In another scenario, we could see a “Digital Panopticon”, whereby advanced and pervasive biometric surveillance paves the way for new forms of social control. A world in which everything about us is captured, stored and subjected to AI algorithms makes possible “new forms of conformity and micro-targeted persuasion”, while more machines in crucial decision loops could create greater social rigidity and prejudice, and impact the geopolitical balance. “Authoritarianism is easier in a world of total visibility and traceability, while democracy may turn out to be more difficult”, notes the paper, which elsewhere explores how AI capable of recognising and responding to emotions (“Woebots”) could create “new possibilities for harm”.

 

Various other scenarios include one in which “the widening gulf between urban and rural areas reaches a tipping point”; how mega cities could struggle to cope in the event of reaching “water day zero”; and how low Earth orbit could become a new stage for geopolitical conflict.

 

The authors emphasise that such shocks are very much ‘what if’ scenarios.
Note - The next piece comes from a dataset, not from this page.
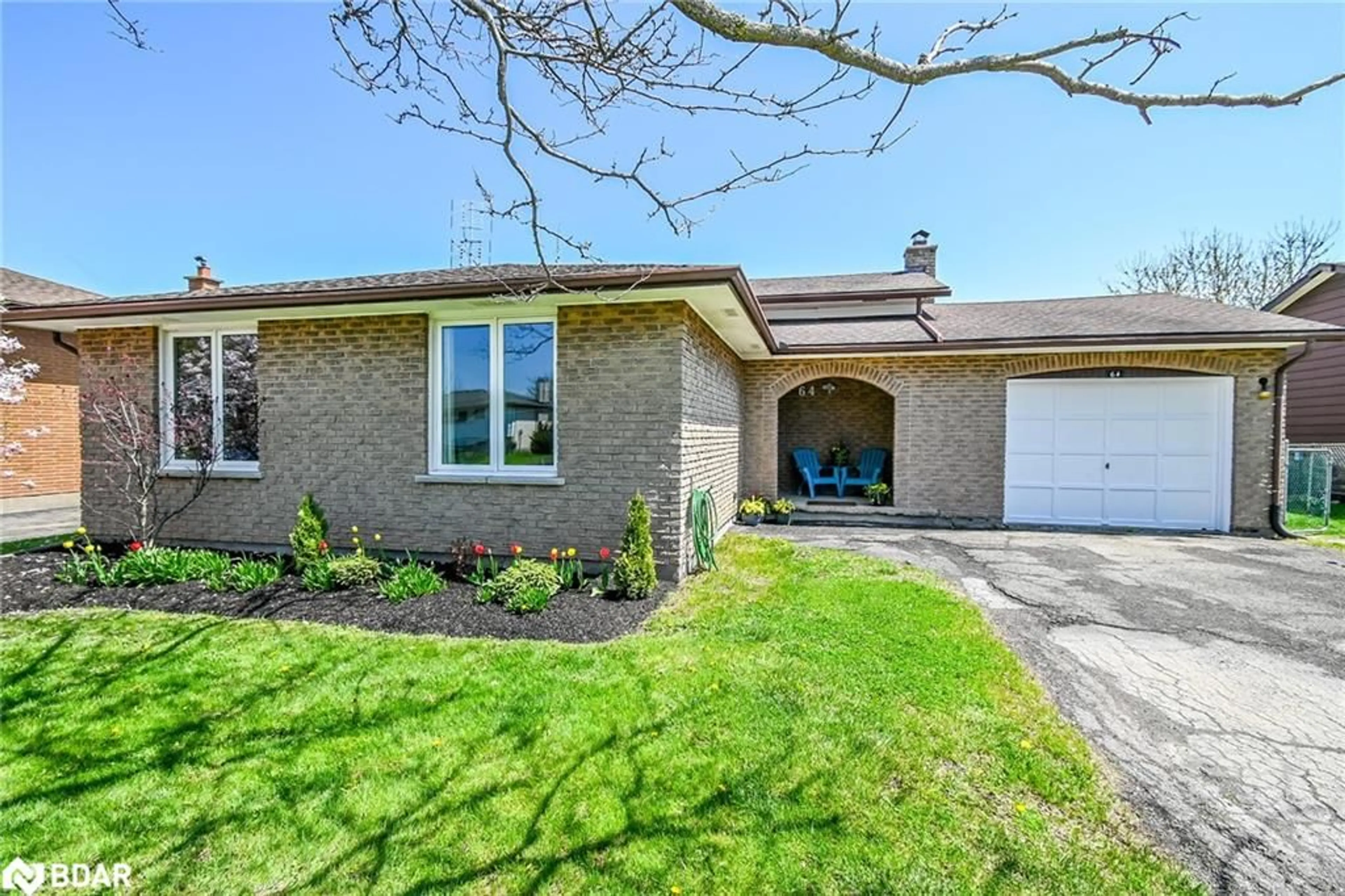 Home with brick exterior material, street for 64 Elmvale Cres, Port Colborne Ontario L3K 5X2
Yet, like the very best dystopian science fiction, all achieve resonance as their seeds are firmly rooted in the here and now. Indeed, it seems perfectly plausible to envision any of the cascading risks outlined in ‘Future Shocks’ quite effortlessly crystallising – and at dizzying speed. If nothing else, such scenarios should therefore serve as a reminder of the need to think creatively about risk, and to expect the unexpected.